Menée par l’État (la DGITM et la Délégation ministérielle à l’accessibilité), le Cerema, le GART, Agir Transport et Régions de France, elle a pour objectif de dresser un panorama des actions en faveur de l'accessibilité des réseaux de transport.
Les résultats de l'enquête sur la mise en œuvre de l'accessibilité sur les réseaux de transports publics réalisée en 2026 auprès des AOM et collectivités territoriales sont disponibles.
La DGITM, la Délégation Ministérielle à l’Accessibilité (DMA) et le Cerema remercient une nouvelle fois les Autorités Organisatrices des Mobilités (AOM) et leurs réseaux pour leur participation à cet état des lieux annuel. Comme pour toute politique publique, ce bilan est indispensable pour suivre l’avancement de l’accessibilité et adapter l’accompagnement selon les difficultés remontées.
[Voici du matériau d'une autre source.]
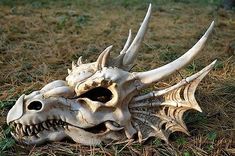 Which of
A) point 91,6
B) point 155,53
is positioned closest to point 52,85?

État des lieux 2025 de l'accessibilité des transports en commun : résultats de la 5ème édition
Depuis 2021, la Délégation Ministérielle à l'Accessibilité (DMA) avec l'appui du Cerema réalise une enquête annuelle auprès des AOM et des collectivités territoriales afin de dresser un état des lieux sur le suivi des obligations d'accessibilité des transports routiers collectifs des AOM locales. Voici les principaux résultats de la 5e enquête annuelle.
Les données sont analysées par le Cerema qui les met en forme pour une restitution anonymisée et moyennée, et permettent de disposer d’indicateurs de mise en œuvre des différents axes de la politique d’accessibilité. Ce panorama sert à rendre compte a l'échelle nationale de l'avancement de cette politique publique, et à identifier les pistes de progrès et les actions à mettre en œuvre pour mieux vous accompagner.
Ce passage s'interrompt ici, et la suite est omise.